Abstract

The cytochrome cd₁ nitrite reductase from Paracoccus pantotrophus catalyses the one electron reduction of nitrite to nitric oxide using two heme cofactors. The site of nitrite reduction is the d₁ heme, which is synthesized under anaerobic conditions by using nirECFD-LGHJN gene products.
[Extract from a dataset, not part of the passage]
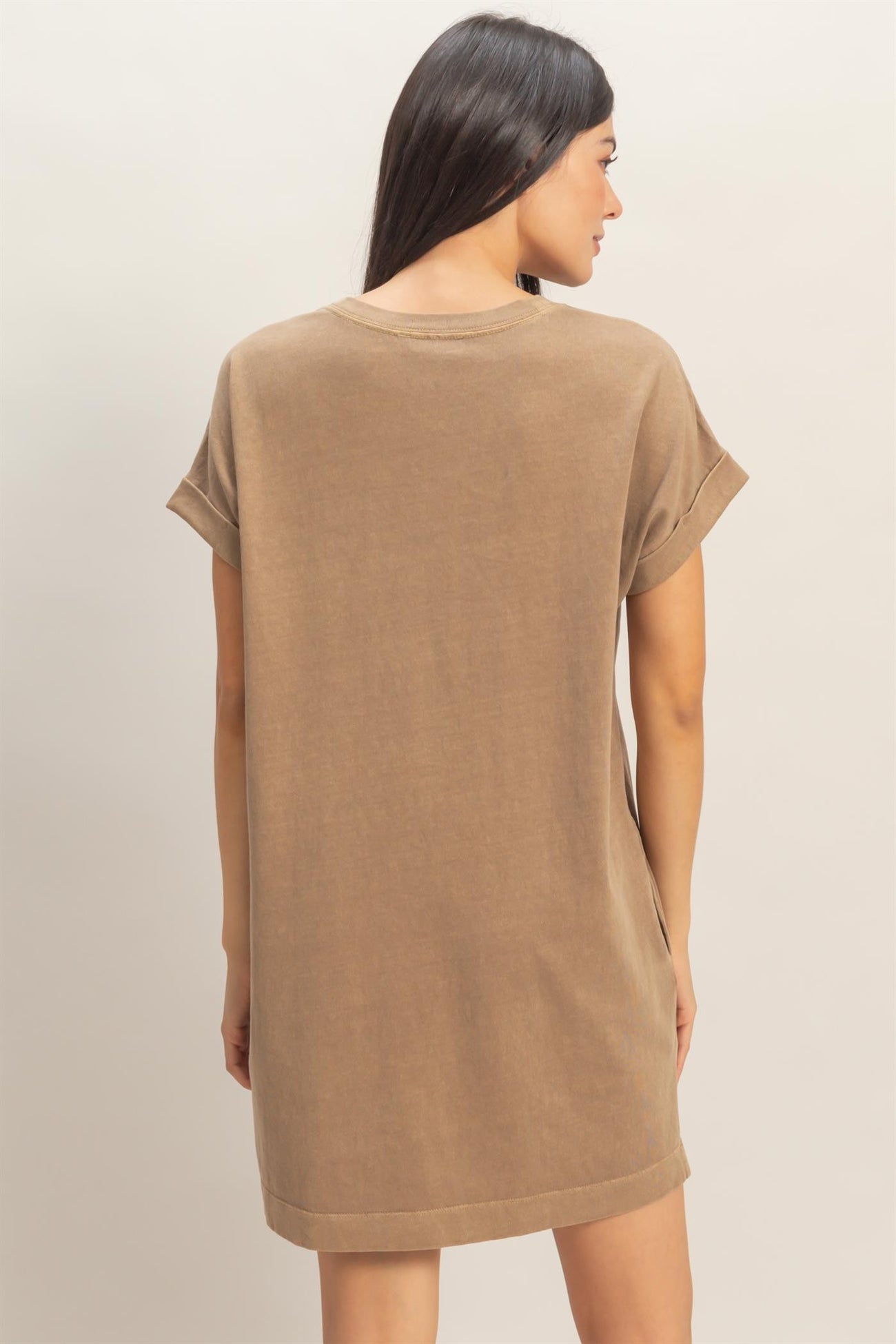woman wearing a brown oversized t-shirt dress with rolled sleeves, showing the back view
In vivo studies with an unmarked deletion strain, ΔnirF, showed that this gene is essential for cd₁ assembly and consequently for denitrification, which was restored when the ΔnirF strain was complemented with wild-type, plasmid-borne, nirF. Removal of a signal sequence and deletion of a conserved N-terminal Gly-rich motif from the NirF coded on a plasmid resulted in loss of in vivo NirF activity. We demonstrate here that the product of the nirF gene is a periplasmic protein and, hence, must be involved in a late stage of the cofactor biosynthesis. In vitro studies with purified NirF established that it could bind d₁ heme. It is concluded that His41 of NirF, which aligns with His200 of the d₁ heme domain of cd₁, is essential both for this binding and for the production of d₁ heme; replacement of His41 by Ala, Cys, Lys and Met all gave nonfunctional proteins. Potential functions of NirF are discussed.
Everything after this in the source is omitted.